We bezoeken ook nog het
scheepvaartmuseum. Dat biedt aan eigenaren van klassiekers een ligplaats. En
daar liggen er heel wat van. We genieten hier van de films over de bekende oude
Franse zeilhelden, zoals Moitessier, die eerste zou worden in de eerste non
stop rond de wereld solo zeilrace, maar zich bedacht en niet terug wilde naar
de jachtige westerse wereld en zich vervolgens vestigde op Tahiti.
De laatste avond in La
Rochelle brengen we door op de Amigo bij
kustzeilers Rieneke en Willem. Zij leggen dit jaar de Amigo ook in La Roche Bernard neer.
Na vijf heerlijke dagen in
deze stad zeilen we, voor het eerst aan de wind en i.v.m. regen voor het eerst (!)
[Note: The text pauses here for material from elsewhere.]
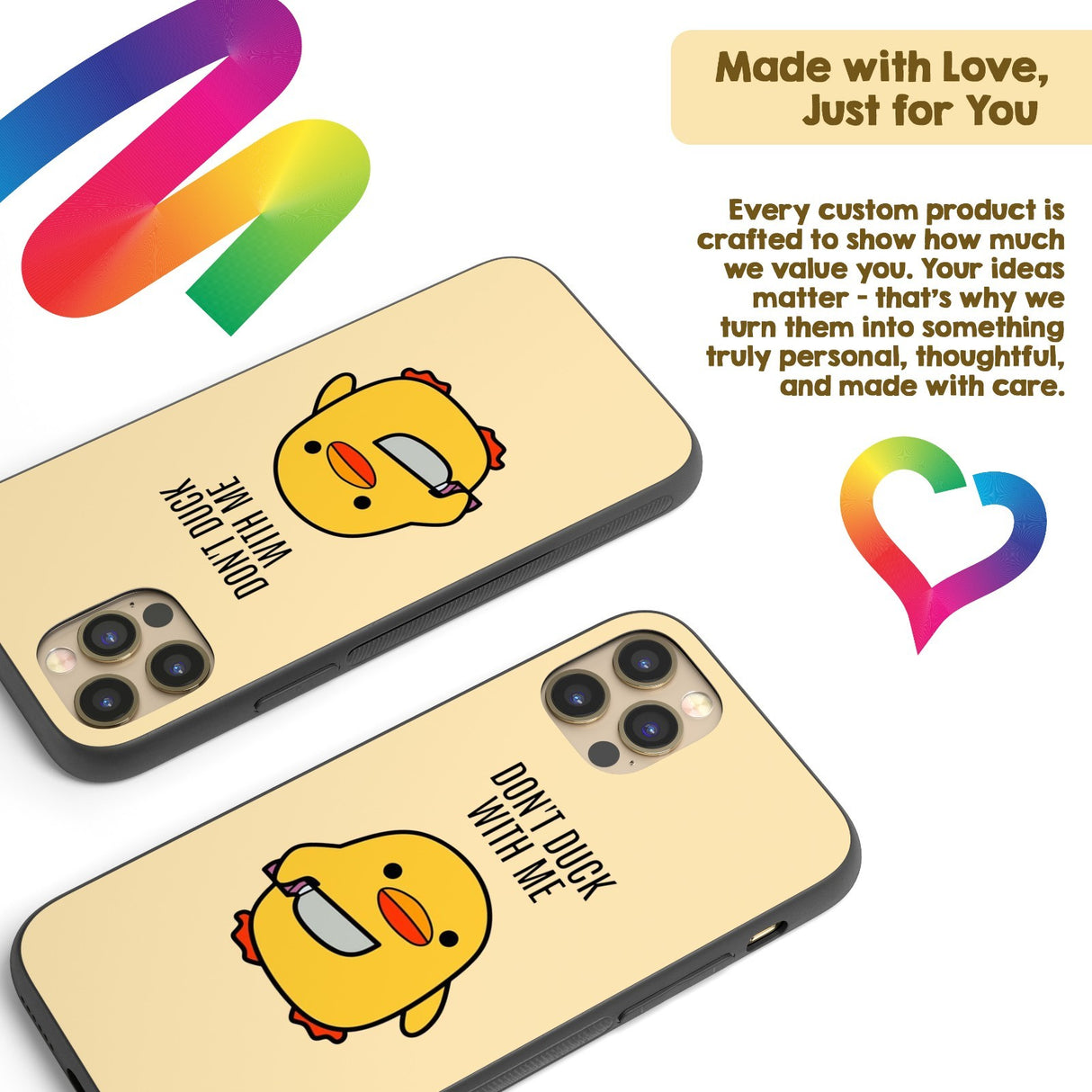 Don't Duck With Me Funny - Personalised Custom Cover - Printed iPhone Black Case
in zeilpak, naar Île d’Oloron, 12 mijl verderop, een eiland ter grootte van
Texel. We meren af in de noordelijkste haven, St. Denis-d’Oloron, en dat blijkt
een goede keus te zijn. Mooie marina, prima sanitair en veel
wasmachines/drogers. Alles is weer schoon!
De volgende dag is het
weer goed weer en kunnen de fietsen weer uit de tassen. Met een kaartje met
fietsroutes crossen we zo’n 45 km door de bovenste helft van het eiland. De
dorpjes stellen niet veel voor, ze kennen niet de welvaart van Ile de Ré, maar
de natuur is veel gevarieerder en interessanter. We komen door een
moerassengebied met de restanten van de zoutvelden, die in oude tijden door
monniken zijn geëxploiteerd. De winst ging naar de kerk. Ja ja! De overlaatjes en kleppen staan er nog.
Maar we fietsen ook door
bossen en duinen en langs wijngaarden (voor de cognac en pineau).
De andere haven van dit
eiland, Boyardville, blijkt erg toeristisch, tot en met het verschijnsel van
een fish en chips tent. Heel onfrans. Goed dat we hier niet geland zijn.
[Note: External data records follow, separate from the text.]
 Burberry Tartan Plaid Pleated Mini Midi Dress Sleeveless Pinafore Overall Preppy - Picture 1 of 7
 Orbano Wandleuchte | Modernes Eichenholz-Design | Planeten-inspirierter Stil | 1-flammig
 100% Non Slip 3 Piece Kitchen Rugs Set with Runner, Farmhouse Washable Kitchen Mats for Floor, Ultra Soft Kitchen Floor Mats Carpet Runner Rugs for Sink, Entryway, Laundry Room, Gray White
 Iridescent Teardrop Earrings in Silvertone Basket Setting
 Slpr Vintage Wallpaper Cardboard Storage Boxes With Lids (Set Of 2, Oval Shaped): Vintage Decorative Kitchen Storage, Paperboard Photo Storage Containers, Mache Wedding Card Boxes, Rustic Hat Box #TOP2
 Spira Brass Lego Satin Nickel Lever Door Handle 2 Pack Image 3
Voordat we vertrekken help
ik een grote catamaran met vier heren om aan te leggen. De eigenaar blijkt
achteraf erg blij, zijn vrienden hadden niets met varen (dat bleek mij wel), en
wij krijgen uit eigen familiebedrijf heerlijke koekjes, een soort boterkoekjes.
Daar zouden we nog dagen op teren, erg lekker op momenten dat je wel honger
hebt maar geen zin om iets te maken.
De volgende dag varen we
om de noordpunt van het eiland de zee op. We willen naar het 50 mijl
zuidelijker, aan de Gironde gelegen, Royan, maar door tij en stroom halen we
dat niet in een dag. Dan maar een tussenstop. Met veel moeite ontdek ik een
plekje aan de westzijde van Ile d’Oleron, waar we zouden kunnen ankeren. Ook
staat er iets van corps morts op de kaart, moorings. Er op af. Wat blijkt, een mijl uit de kust
ligt in de Atlantische oceaan één mooring temidden van een veld vol visstaken.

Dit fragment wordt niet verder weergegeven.